**Records shown:**
* * * *
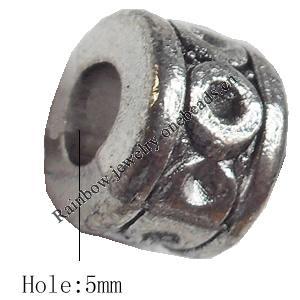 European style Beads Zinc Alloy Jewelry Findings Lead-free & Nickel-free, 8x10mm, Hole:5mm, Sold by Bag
* * * *
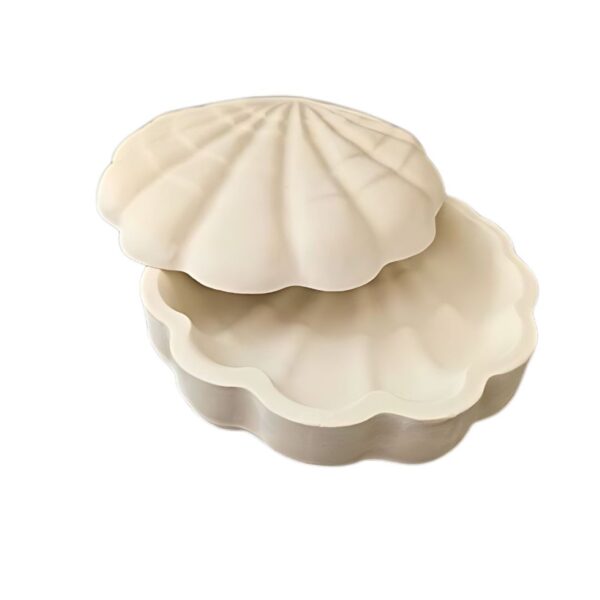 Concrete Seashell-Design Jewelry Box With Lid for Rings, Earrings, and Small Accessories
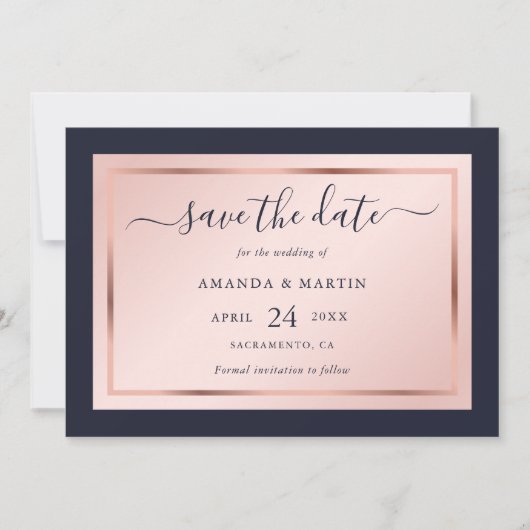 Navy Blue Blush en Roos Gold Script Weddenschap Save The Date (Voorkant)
* * * *
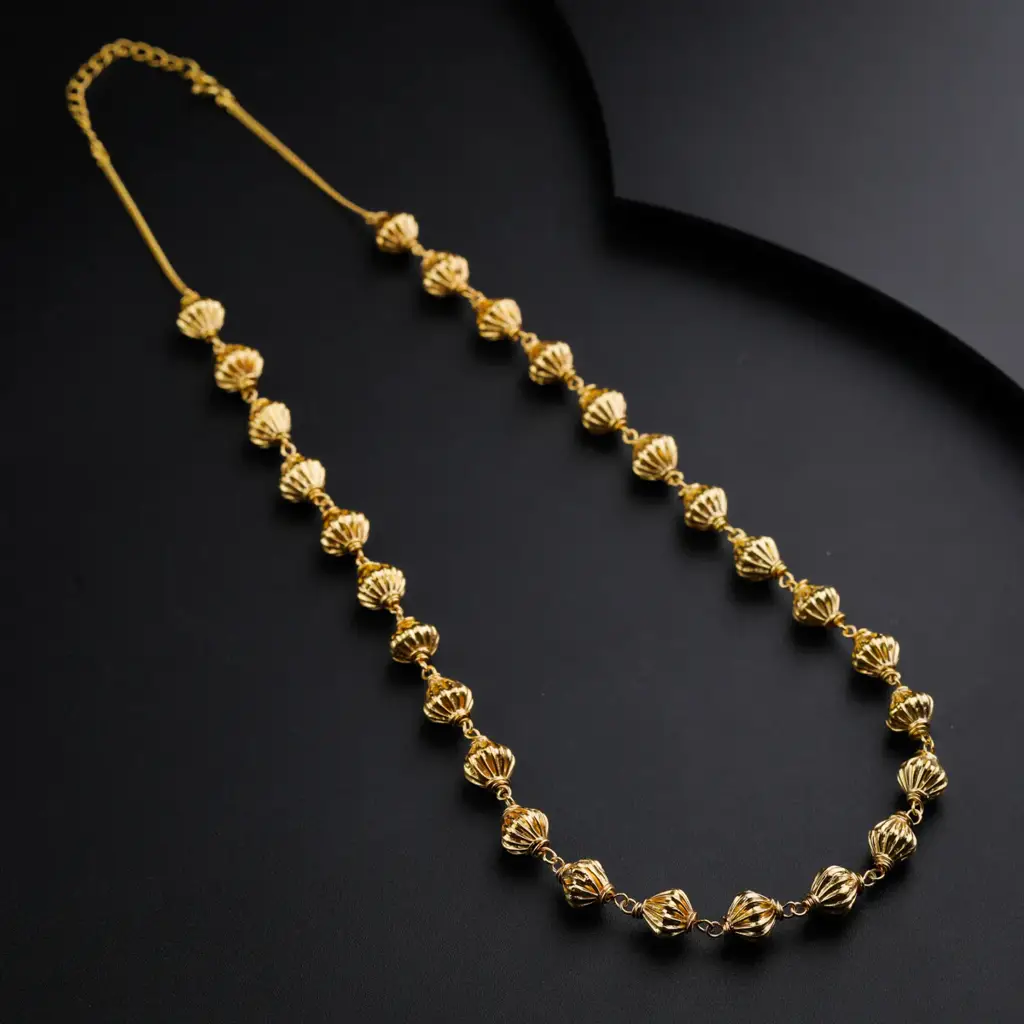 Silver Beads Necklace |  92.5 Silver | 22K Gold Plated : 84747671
* * * *
**Exercise details:**
Taking the entries above, extract every line from the one bearing "Concrete Seashell-Design Jewelry" through the one bearing "Navy Blue Blush", exactly, with no pictures.

**Exercise answer:**
 Concrete Seashell-Design Jewelry Box With Lid for Rings, Earrings, and Small Accessories
 Navy Blue Blush en Roos Gold Script Weddenschap Save The Date (Voorkant)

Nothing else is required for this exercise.